**SUPPLIED INFORMATION**
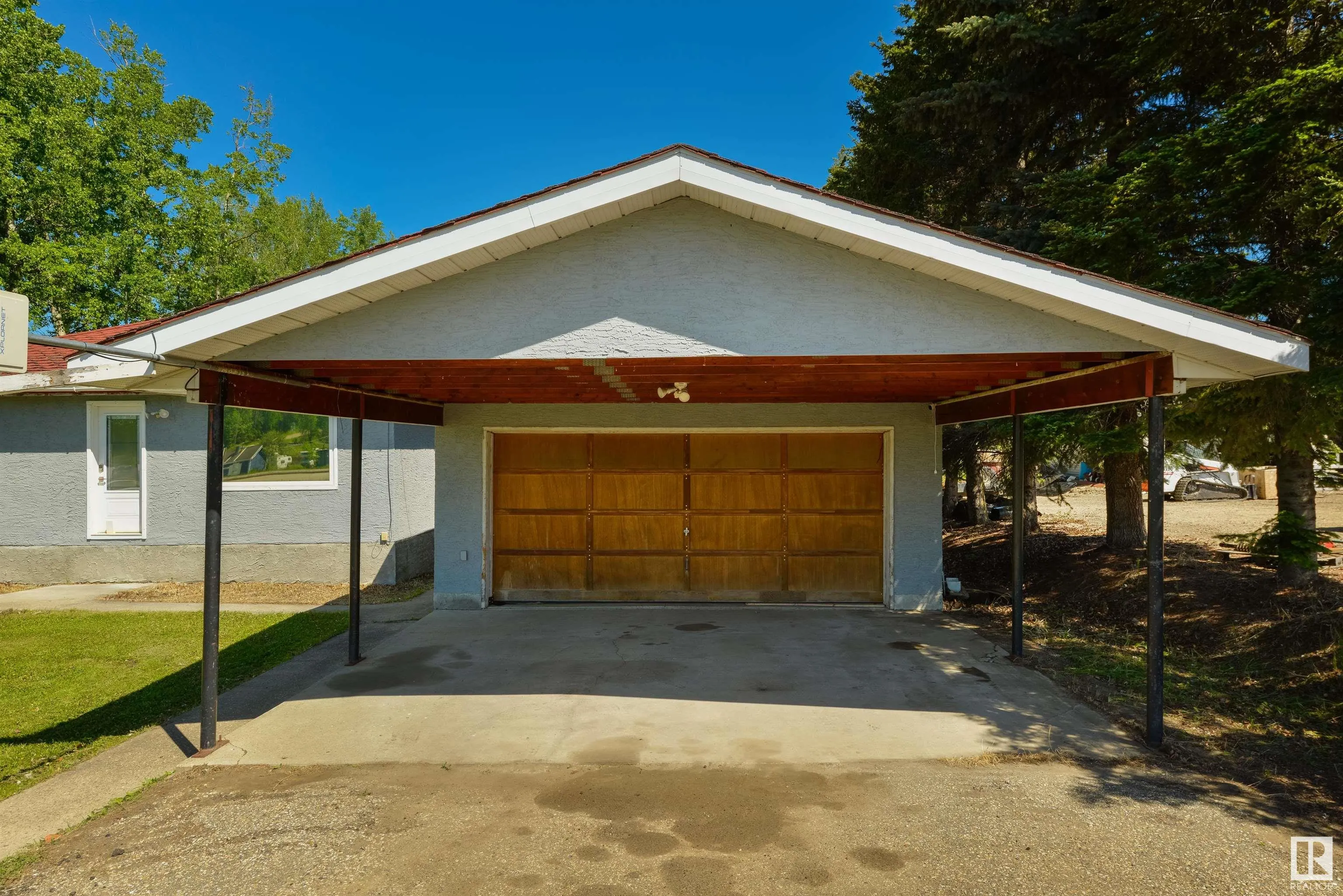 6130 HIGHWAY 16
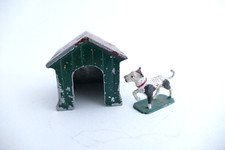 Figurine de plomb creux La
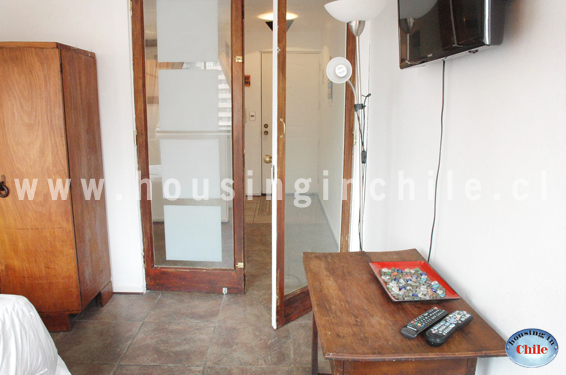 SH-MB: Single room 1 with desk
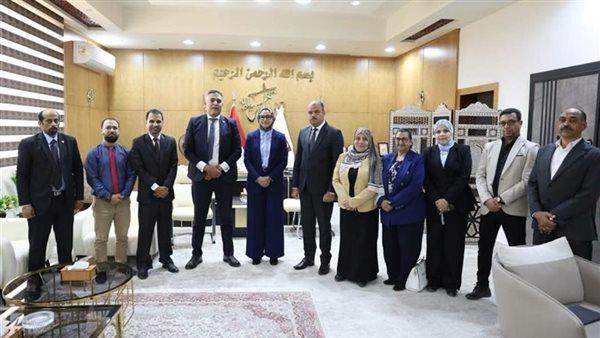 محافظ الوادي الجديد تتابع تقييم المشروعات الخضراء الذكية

**PROBLEM**
Exact reproduction is required for the lines from the one containing "SH-MB: Single room 1 with desk" through the end of the material, and for those lines only, without pictures.

**RESULT BELOW**
 SH-MB: Single room 1 with desk
 محافظ الوادي الجديد تتابع تقييم المشروعات الخضراء الذكية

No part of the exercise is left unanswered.